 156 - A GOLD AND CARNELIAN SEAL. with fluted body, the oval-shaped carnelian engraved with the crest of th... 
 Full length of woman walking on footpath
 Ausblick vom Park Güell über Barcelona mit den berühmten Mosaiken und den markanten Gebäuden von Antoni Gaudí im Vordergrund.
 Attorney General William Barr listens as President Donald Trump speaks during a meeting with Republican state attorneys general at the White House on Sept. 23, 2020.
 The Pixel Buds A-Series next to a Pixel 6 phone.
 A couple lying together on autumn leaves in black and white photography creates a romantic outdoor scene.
--------
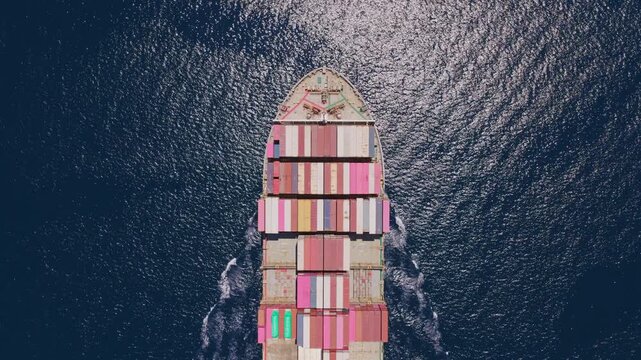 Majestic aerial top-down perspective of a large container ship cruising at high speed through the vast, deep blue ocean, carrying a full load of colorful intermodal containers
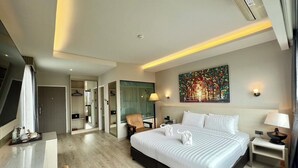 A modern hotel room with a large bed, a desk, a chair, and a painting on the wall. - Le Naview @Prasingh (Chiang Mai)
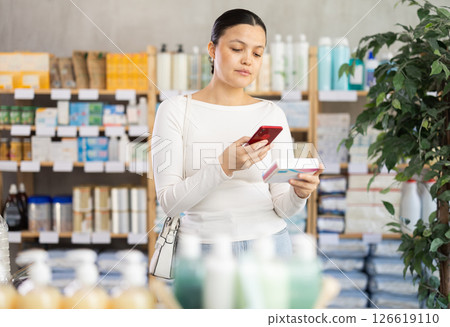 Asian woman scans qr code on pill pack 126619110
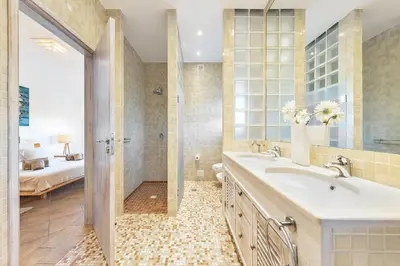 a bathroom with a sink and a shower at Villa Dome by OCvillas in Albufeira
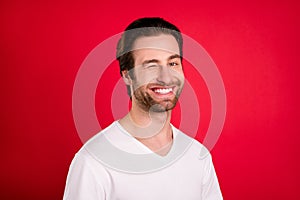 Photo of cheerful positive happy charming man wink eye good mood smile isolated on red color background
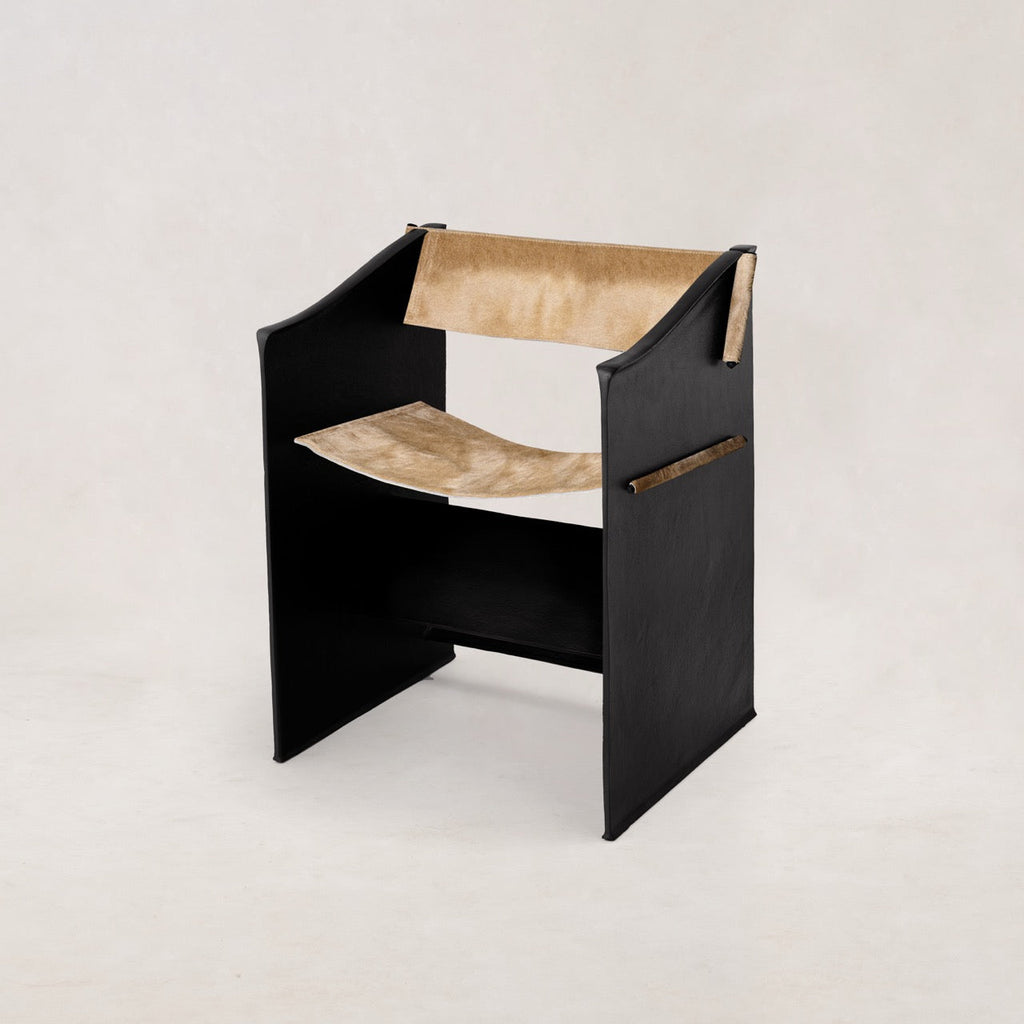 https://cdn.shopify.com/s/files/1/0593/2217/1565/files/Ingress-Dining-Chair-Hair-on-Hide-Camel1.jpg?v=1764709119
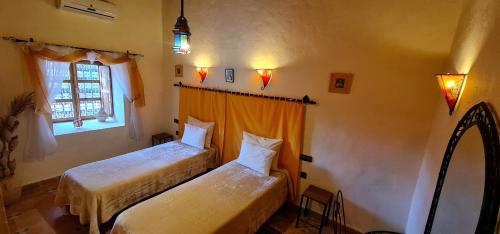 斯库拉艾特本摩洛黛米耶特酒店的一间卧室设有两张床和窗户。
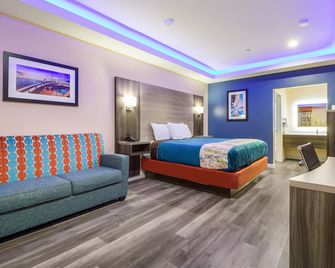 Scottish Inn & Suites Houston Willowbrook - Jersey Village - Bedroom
--------
[What the exercise asks]: Given the listing above, repeat exactly the lines starting at the one with "Photo of cheerful" and ending at the one with "Scottish Inn &", inclusive, excluding pictures.

[Solution for this exercise]:
 Photo of cheerful positive happy charming man wink eye good mood smile isolated on red color background
 https://cdn.shopify.com/s/files/1/0593/2217/1565/files/Ingress-Dining-Chair-Hair-on-Hide-Camel1.jpg?v=1764709119
 斯库拉艾特本摩洛黛米耶特酒店的一间卧室设有两张床和窗户。
 Scottish Inn & Suites Houston Willowbrook - Jersey Village - Bedroom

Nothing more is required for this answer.